## Your instructions
Reproduce the records below exactly, leaving their images out.

## Data to use

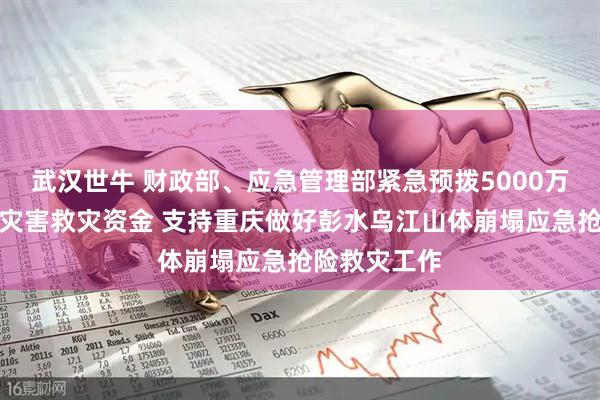 武汉世牛 财政部、应急管理部紧急预拨5000万元中央自然灾害救灾资金 支持重庆做好彭水乌江山体崩塌应急抢险救灾工作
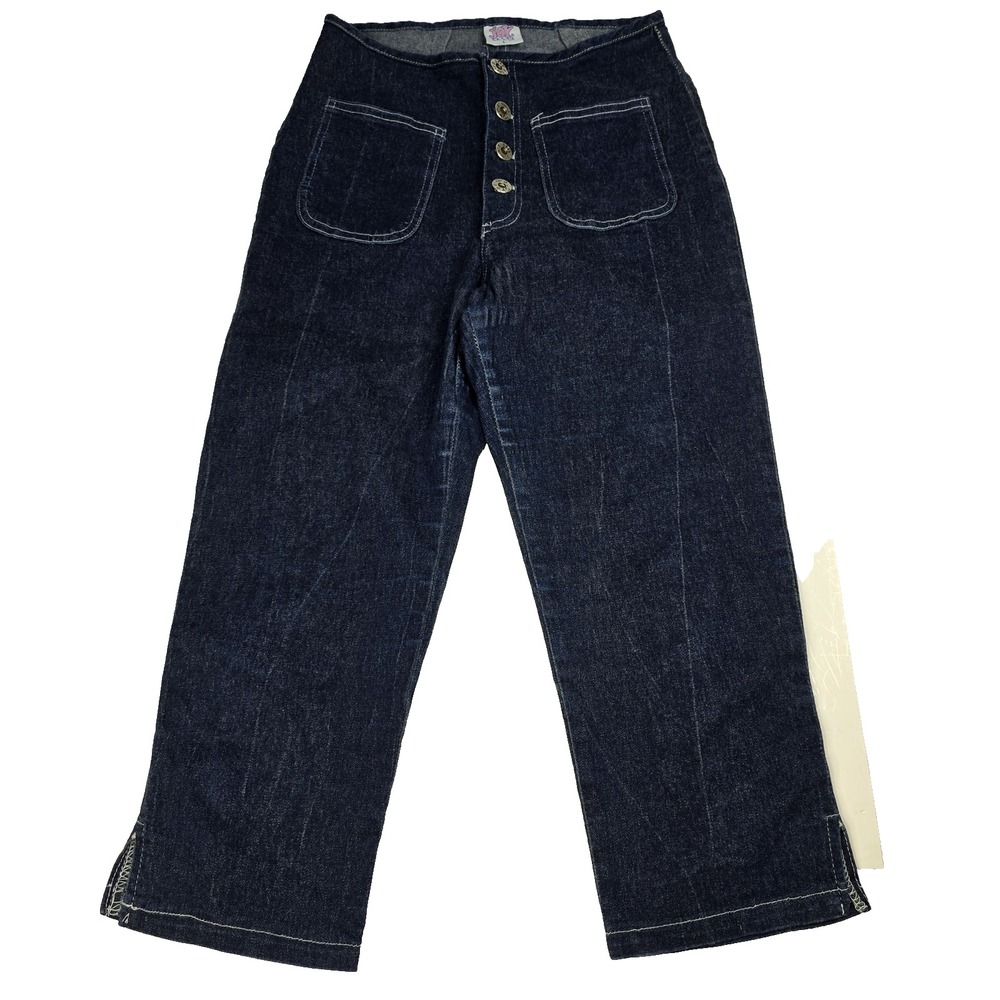 Vintage Joy Jeans Womens Large Blue High Waisted Denim Pants Wide‎ Leg USA 90s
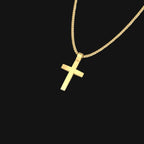 Nicholas - Medium Yellow Gold Cross and Polish Finish — Levendi Jewellers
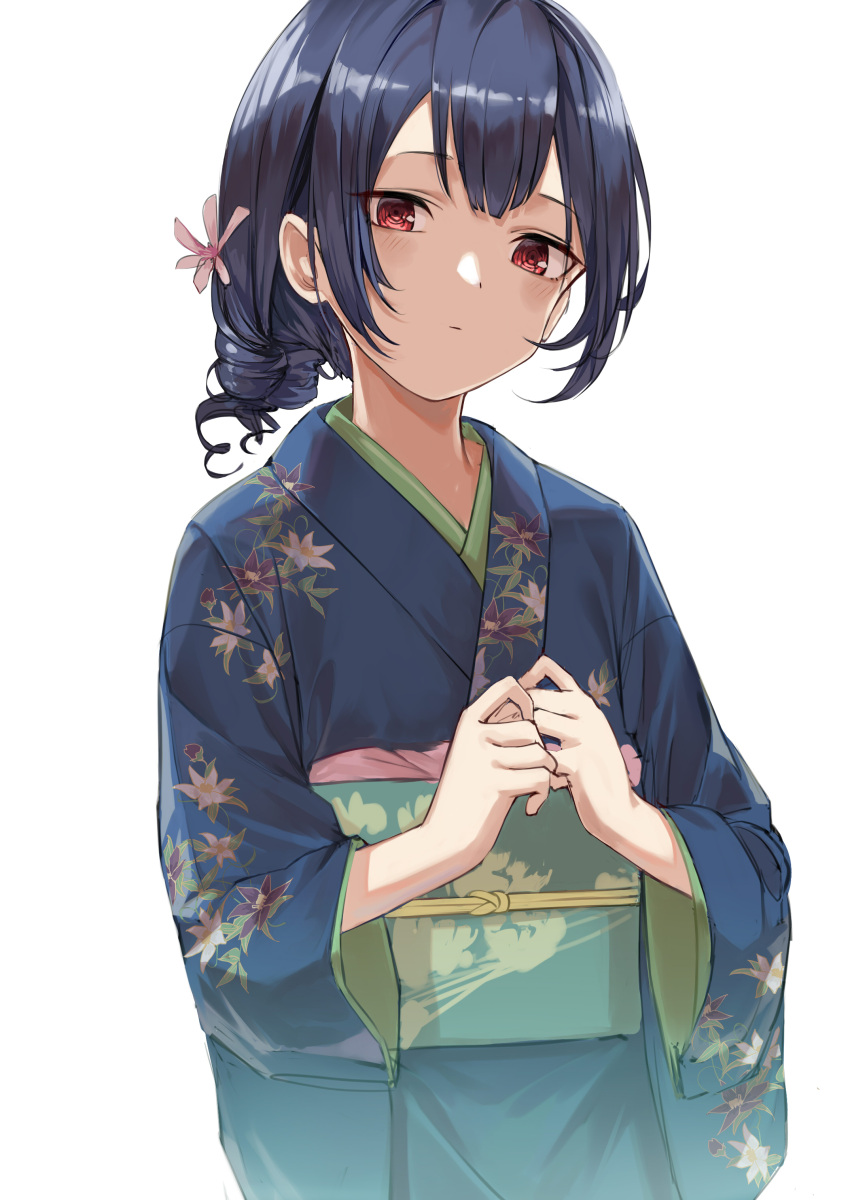 1girl absurdres black_hair blue_kimono blush closed_mouth flower hair_flower hair_ornament haruyuki_(gffewuoutgblubh) highres idolmaster idolmaster_shiny_colors japanese_clothes kimono looking_at_viewer morino_rinze red_eyes sidelocks simple_background solo tied_hair upper_body white_background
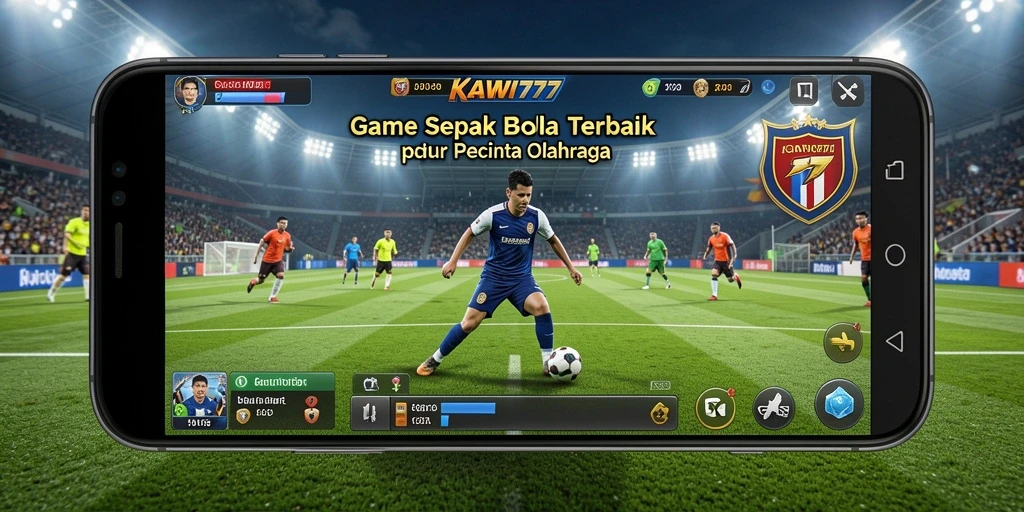 Screenshot gameplay KAWI777 menampilkan aksi seru di lapangan sepak bola.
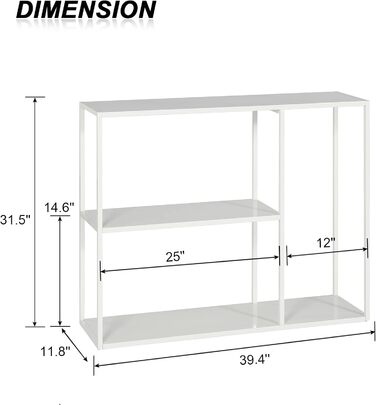 Консольний столик HDANI, Журнальний столик, 3 полиці, Метал, Вітальня/Передпокій, 1003080см, Білий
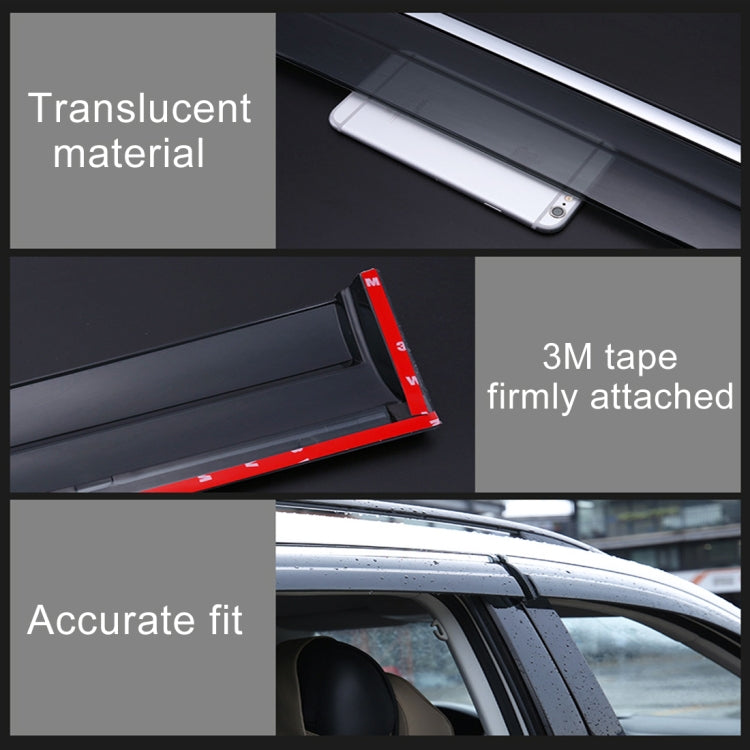 4 PCS Window Sunny Rain Visors Awnings Sunny Rain Guard for Ford Focus 2005-2011 Version Classic Style Sedan - Window Foils & Solar Protection by buy2fix | Online Shopping UK | buy2fix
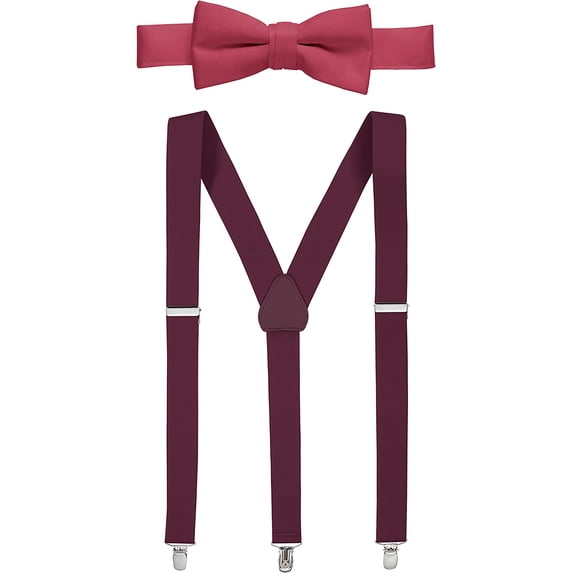 Hold'em 1" Teens & Men Suspender Pre-tied Bow Tie Set - Burgundy (Regular 46")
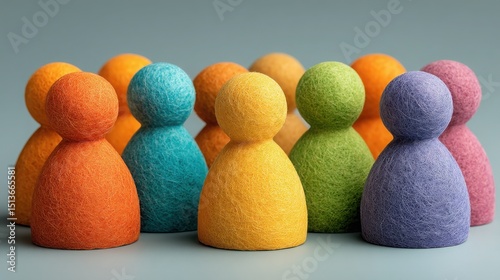 Colorful group of felt figures representing diverse owners assigning responsibilities clearly in a collaborative environment
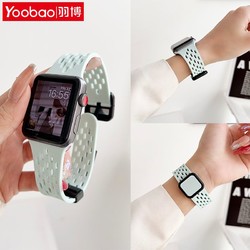 Yoobao 羽博 适用苹果iWatchS9透气孔表带AppleUltra2磁吸腕带SE运动8硅胶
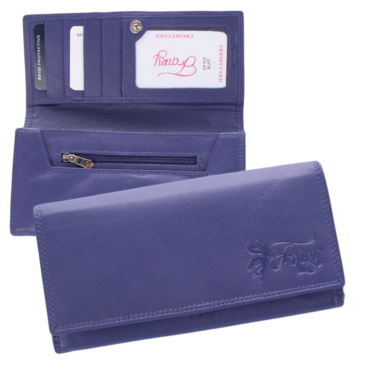 Fairy valódi bőr pénztárca kék színben RFID rendszerrel díszdobozban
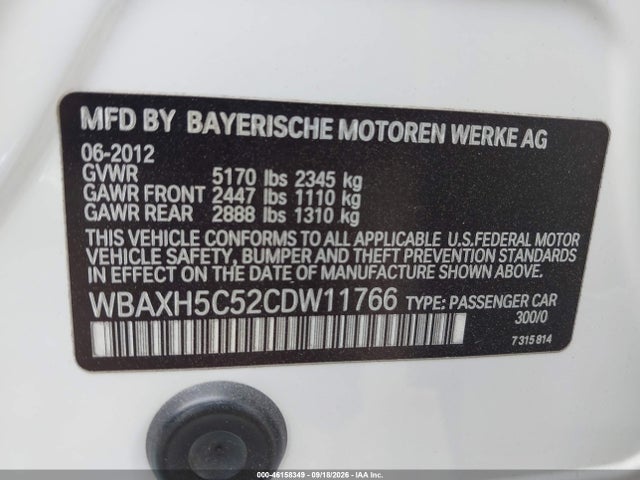 46158349 :رقم المزاد ، WBAXH5C52CDW11766 vin ، 2012 Bmw 528i Xdrive مزاد بيع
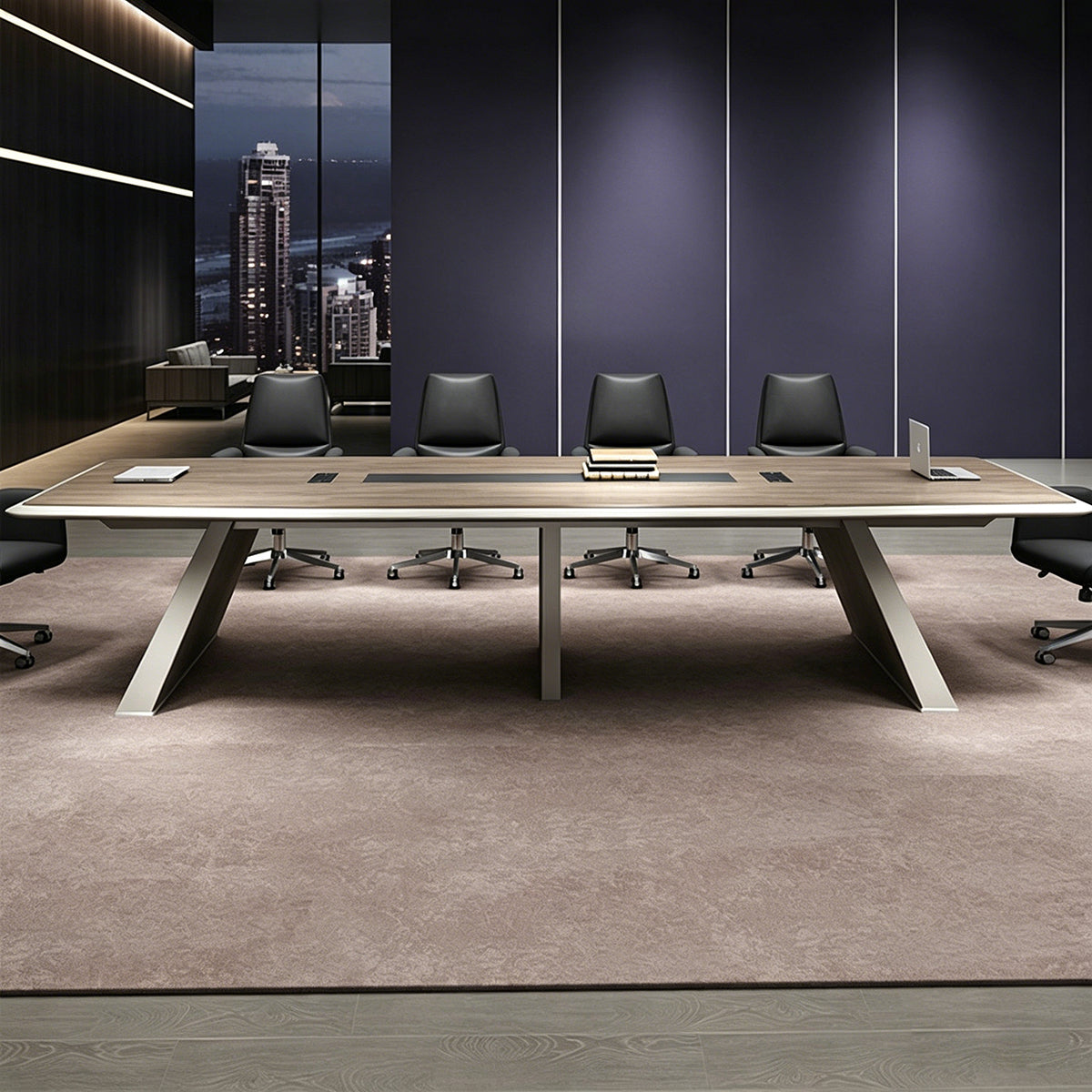 Modern Conference Table 71–236 in Wide (6–19.5 ft) for 4–18 People with Cable Management for Boardroom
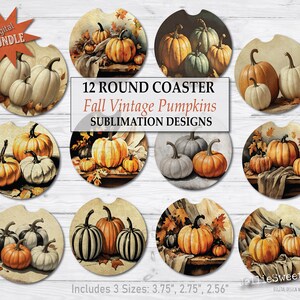 Fall Pumpkin Car Coaster PNG, Vintage Still Life, Round Sublimation Design (Digital Download)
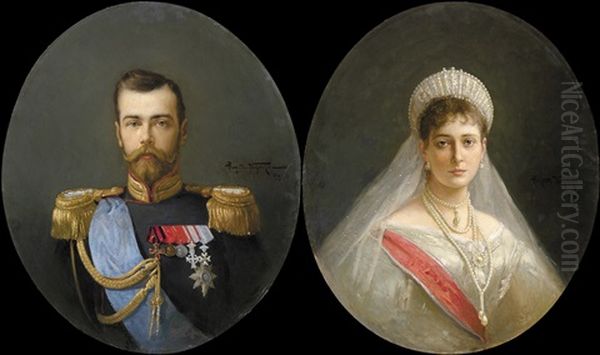 Portrait Of Nikolai Ii (+ Portrait Of Alexandra Fedorovna; 2 Works) - view 1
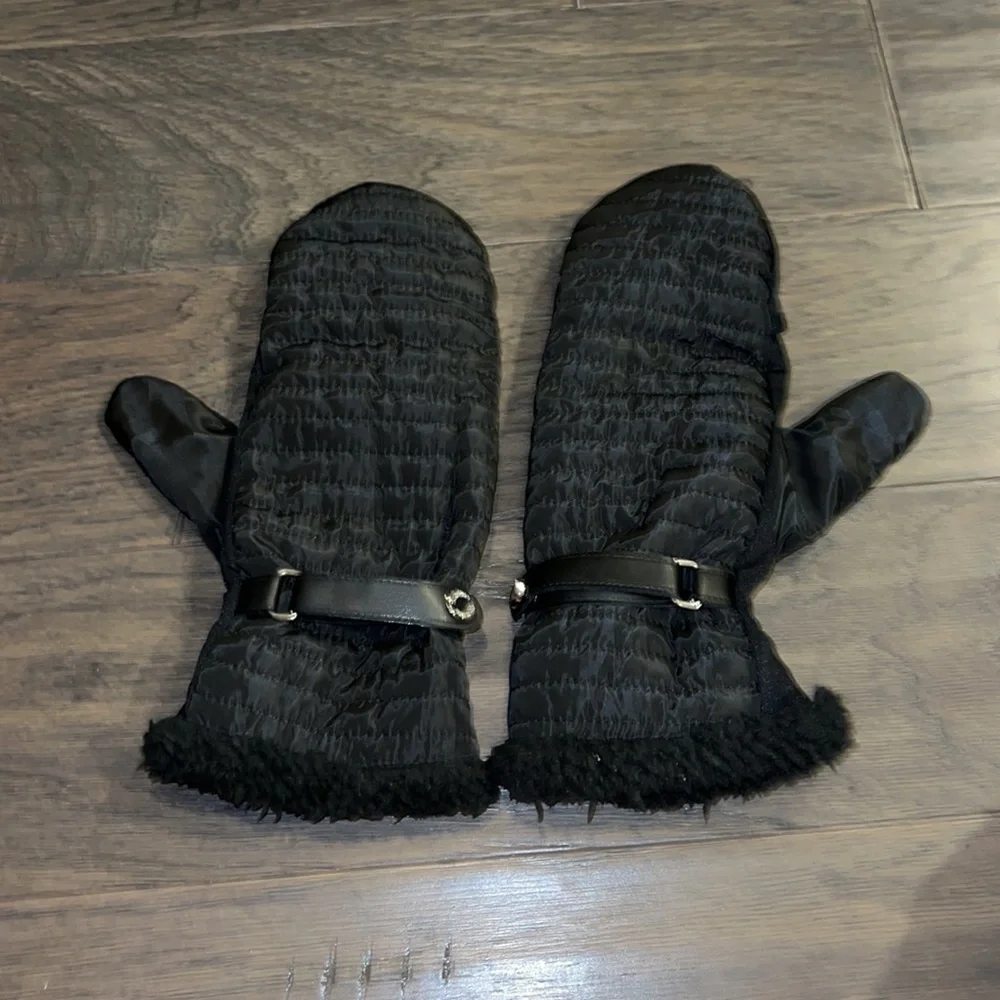CALVIN KLEIN Black stitched Fleece Lined new Women's Mittens Mitts L/XL glovess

## Reply
 武汉世牛 财政部、应急管理部紧急预拨5000万元中央自然灾害救灾资金 支持重庆做好彭水乌江山体崩塌应急抢险救灾工作
 Vintage Joy Jeans Womens Large Blue High Waisted Denim Pants Wide‎ Leg USA 90s
 Nicholas - Medium Yellow Gold Cross and Polish Finish — Levendi Jewellers
 1girl absurdres black_hair blue_kimono blush closed_mouth flower hair_flower hair_ornament haruyuki_(gffewuoutgblubh) highres idolmaster idolmaster_shiny_colors japanese_clothes kimono looking_at_viewer morino_rinze red_eyes sidelocks simple_background solo tied_hair upper_body white_background
 Screenshot gameplay KAWI777 menampilkan aksi seru di lapangan sepak bola.
 Консольний столик HDANI, Журнальний столик, 3 полиці, Метал, Вітальня/Передпокій, 1003080см, Білий
 4 PCS Window Sunny Rain Visors Awnings Sunny Rain Guard for Ford Focus 2005-2011 Version Classic Style Sedan - Window Foils & Solar Protection by buy2fix | Online Shopping UK | buy2fix
 Hold'em 1" Teens & Men Suspender Pre-tied Bow Tie Set - Burgundy (Regular 46")
 Colorful group of felt figures representing diverse owners assigning responsibilities clearly in a collaborative environment
 Yoobao 羽博 适用苹果iWatchS9透气孔表带AppleUltra2磁吸腕带SE运动8硅胶
 Fairy valódi bőr pénztárca kék színben RFID rendszerrel díszdobozban
 46158349 :رقم المزاد ، WBAXH5C52CDW11766 vin ، 2012 Bmw 528i Xdrive مزاد بيع
 Modern Conference Table 71–236 in Wide (6–19.5 ft) for 4–18 People with Cable Management for Boardroom
 Fall Pumpkin Car Coaster PNG, Vintage Still Life, Round Sublimation Design (Digital Download)
 Portrait Of Nikolai Ii (+ Portrait Of Alexandra Fedorovna; 2 Works) - view 1
CALVIN KLEIN Black stitched Fleece Lined new Women's Mittens Mitts L/XL glovess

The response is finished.